*Exercise*: From the records below, output exactly the lines running from the line containing "Spécimen de Rosier" through the line containing "NBA季后赛：球迷必备的观赛指南与知识", and no others.

::: Supplied entries :::

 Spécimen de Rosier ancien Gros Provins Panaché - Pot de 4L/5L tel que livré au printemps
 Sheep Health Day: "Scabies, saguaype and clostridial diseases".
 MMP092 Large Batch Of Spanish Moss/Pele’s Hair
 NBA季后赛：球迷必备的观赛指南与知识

:::
::: Supplied entries :::

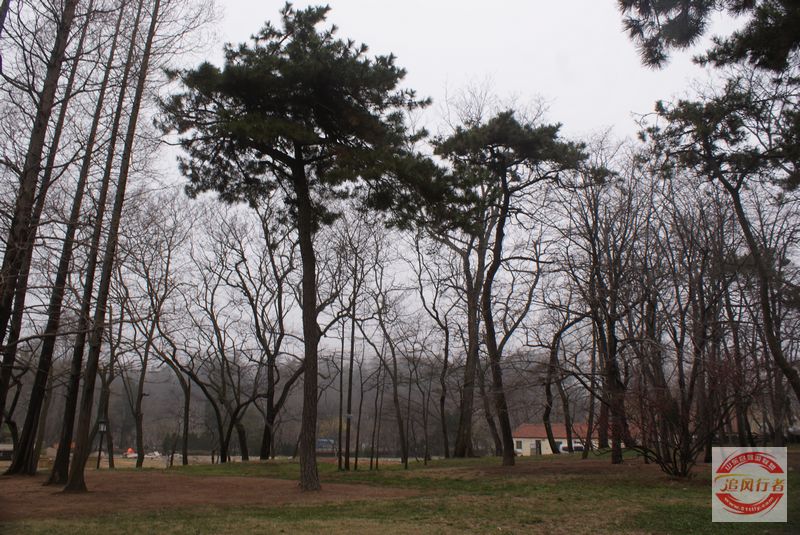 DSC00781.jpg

:::

*Written response*:
 Spécimen de Rosier ancien Gros Provins Panaché - Pot de 4L/5L tel que livré au printemps
 Sheep Health Day: "Scabies, saguaype and clostridial diseases".
 MMP092 Large Batch Of Spanish Moss/Pele’s Hair
 NBA季后赛：球迷必备的观赛指南与知识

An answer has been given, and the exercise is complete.